Consultation on binary options prohibition closes today in Manitoba and Saskatchewan
In Quebec and Alberta, where the consultation closed a month ago, there is still no clarity on whether the ban will be implemented as a law.
The comment period for a proposed ban on all sorts of marketing and offering of binary options to individuals expires today in two Canadian provinces – Manitoba and Saskatchewan.
Under the proposals, outlined in April by the Canadian Securities Administrators (CSA), an organization which has among its members the securities regulators from 10 Canadian provinces and 3 territories, all advertising, offering, selling or otherwise trading a binary option with or to an individual will be prohibited.
There is still no clarity whether the proposed ban will get into effect, as the securities regulators in Quebec and Alberta, where the consultation on the ban closed a month ago, have not published any statements on the progress of this proposal’s implementation. However, Quebec’s financial regulator AMF has made public a set of comments on the proposal, including ones from the Investment Industry Association of Canada (IIAC) and North American Derivatives Exchange, Inc. (Nadex).
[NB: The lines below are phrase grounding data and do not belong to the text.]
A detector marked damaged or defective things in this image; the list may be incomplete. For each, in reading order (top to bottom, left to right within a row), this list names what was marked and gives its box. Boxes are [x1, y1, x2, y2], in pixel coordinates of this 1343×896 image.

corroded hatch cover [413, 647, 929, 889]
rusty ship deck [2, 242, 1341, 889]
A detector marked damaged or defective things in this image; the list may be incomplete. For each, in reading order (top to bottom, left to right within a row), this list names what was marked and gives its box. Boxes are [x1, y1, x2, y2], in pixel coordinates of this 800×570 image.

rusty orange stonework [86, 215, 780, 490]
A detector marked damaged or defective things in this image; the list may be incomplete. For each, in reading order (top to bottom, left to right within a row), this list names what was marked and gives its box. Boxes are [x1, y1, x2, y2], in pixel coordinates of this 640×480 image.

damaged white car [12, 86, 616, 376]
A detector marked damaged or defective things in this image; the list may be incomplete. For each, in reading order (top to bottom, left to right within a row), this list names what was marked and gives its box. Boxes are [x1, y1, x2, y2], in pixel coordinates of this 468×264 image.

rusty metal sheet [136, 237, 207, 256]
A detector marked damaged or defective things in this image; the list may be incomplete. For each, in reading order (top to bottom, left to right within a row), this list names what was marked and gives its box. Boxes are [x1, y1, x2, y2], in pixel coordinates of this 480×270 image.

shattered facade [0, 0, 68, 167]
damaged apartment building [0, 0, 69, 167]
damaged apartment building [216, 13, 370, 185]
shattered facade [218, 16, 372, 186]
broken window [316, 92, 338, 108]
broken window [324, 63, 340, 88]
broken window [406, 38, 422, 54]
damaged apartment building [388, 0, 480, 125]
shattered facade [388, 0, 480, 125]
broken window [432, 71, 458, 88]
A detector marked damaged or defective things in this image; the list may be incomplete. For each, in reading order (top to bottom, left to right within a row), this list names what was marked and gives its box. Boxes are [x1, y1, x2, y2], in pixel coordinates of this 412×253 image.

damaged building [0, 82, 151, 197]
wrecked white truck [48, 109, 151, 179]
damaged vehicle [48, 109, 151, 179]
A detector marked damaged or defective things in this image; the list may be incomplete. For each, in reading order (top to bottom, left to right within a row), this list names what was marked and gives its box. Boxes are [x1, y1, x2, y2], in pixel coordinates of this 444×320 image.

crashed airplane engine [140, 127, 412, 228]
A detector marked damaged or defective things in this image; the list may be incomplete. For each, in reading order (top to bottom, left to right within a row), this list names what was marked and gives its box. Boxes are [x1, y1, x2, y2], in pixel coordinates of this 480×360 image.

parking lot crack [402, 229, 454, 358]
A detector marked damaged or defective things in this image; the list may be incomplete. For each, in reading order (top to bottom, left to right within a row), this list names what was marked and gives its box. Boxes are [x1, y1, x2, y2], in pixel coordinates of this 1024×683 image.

The IIAC, which represents 130 Dealer Member firms regulated by the Investment Industry Regulatory Organization of Canada (IIROC), insists that the ban must apply only to illegal binary options trading offered by unregulated binary options firms. According to the IIAC, its members should be allowed to offer binary options to retail investors.
Nadex, in its turn, said the ban should apply to so-called fifty/fifties which have commonly become identified with the term “binary option” but these should be considered not as an option but as a financial instrument with the characteristics of a fixed odds bet. The Exchange argues that the offering of volatility binaries, like vanilla put and call options or other legitimate financial instruments, should be allowed if the offeror is regulated and applicable requirements (client onboarding, risk disclosure, etc) are met.
While the ban is in the works, Canadian residents continue to lose money due to binary options. Data from the Manitoba Securities Commission (MSC), released on April 26, 2017, shows the body has received 17 reports from binary options scam victims over the last four months. In April this year, a man from Portage La Prairie said he had been defrauded of $130,000 to an offshore binary options firm, whereas a Southern Manitoba man had lost more than $300,000 for similar reasons.
The regulator notes that in 2015, there were four complaints from Manitobans about unregistered binary options firms, whereas in 2016, that number spiked to more than 58.